Exercise directions: Because only the text is wanted, repeat the records below exactly and omit the pictures.

Available records:
Content starts

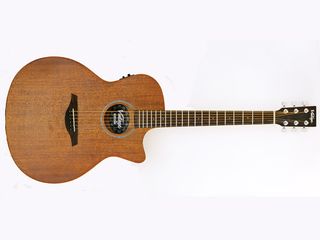 A guitar that certainly out-does its price tag.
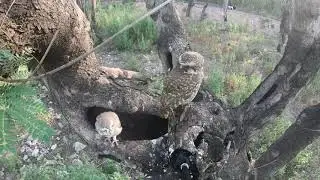 Spotted Owlet with his new Born Baby in Nest , Spotted owlet 4K video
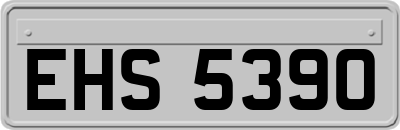 EHS5390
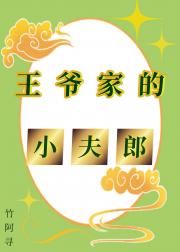 齐王家的小夫郎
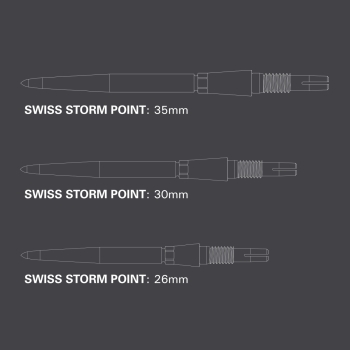 Preview: Target Swiss Point Storm Silver 35mm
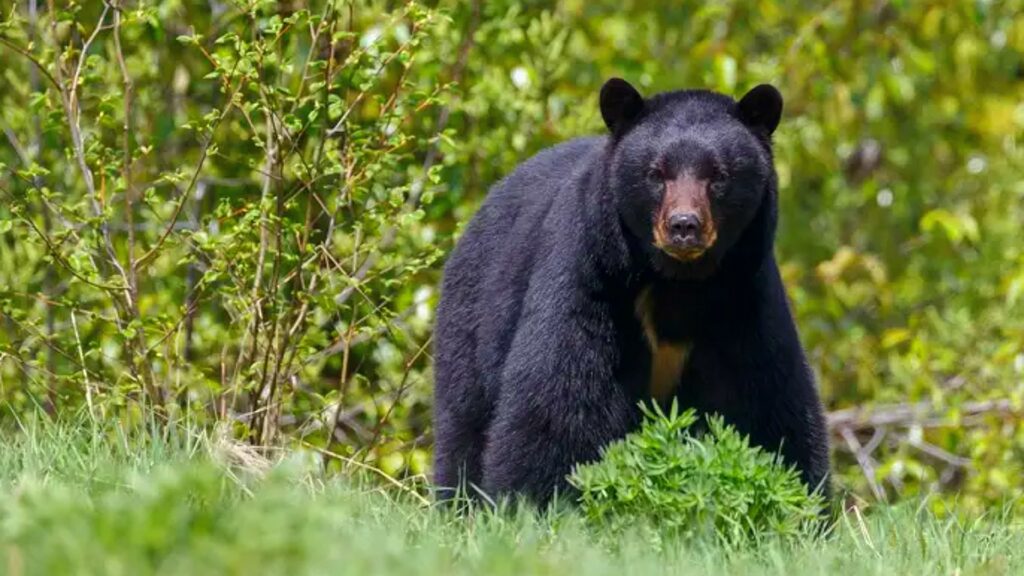 Oso negro entra a vivienda y hiere a hombre en Nuevo León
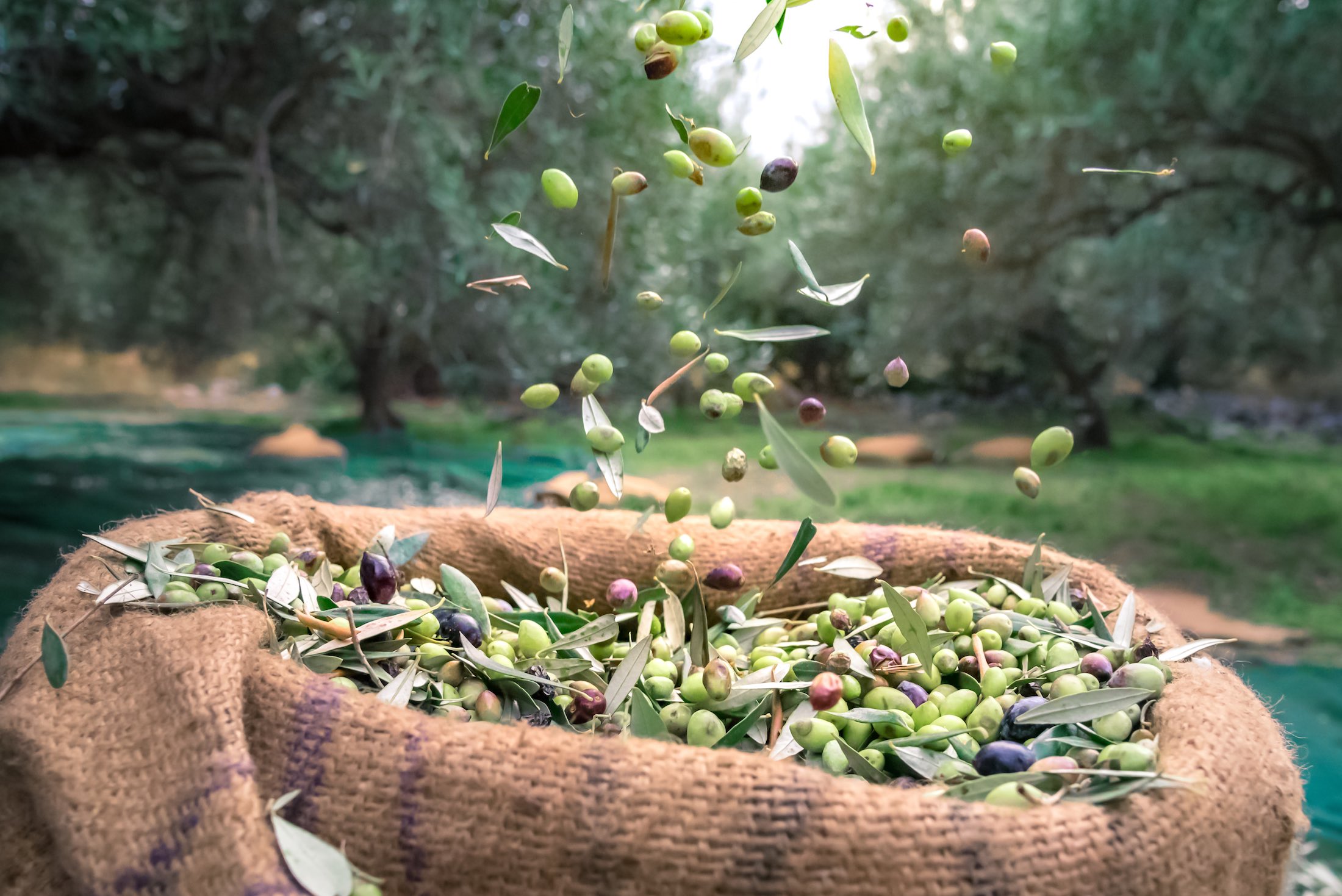 The art of olive production in Crete The art of olive production in Crete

Content ends

Answer below:
 A guitar that certainly out-does its price tag.
 Spotted Owlet with his new Born Baby in Nest , Spotted owlet 4K video
 EHS5390
 齐王家的小夫郎
 Preview: Target Swiss Point Storm Silver 35mm
 Oso negro entra a vivienda y hiere a hombre en Nuevo León
 The art of olive production in Crete The art of olive production in Crete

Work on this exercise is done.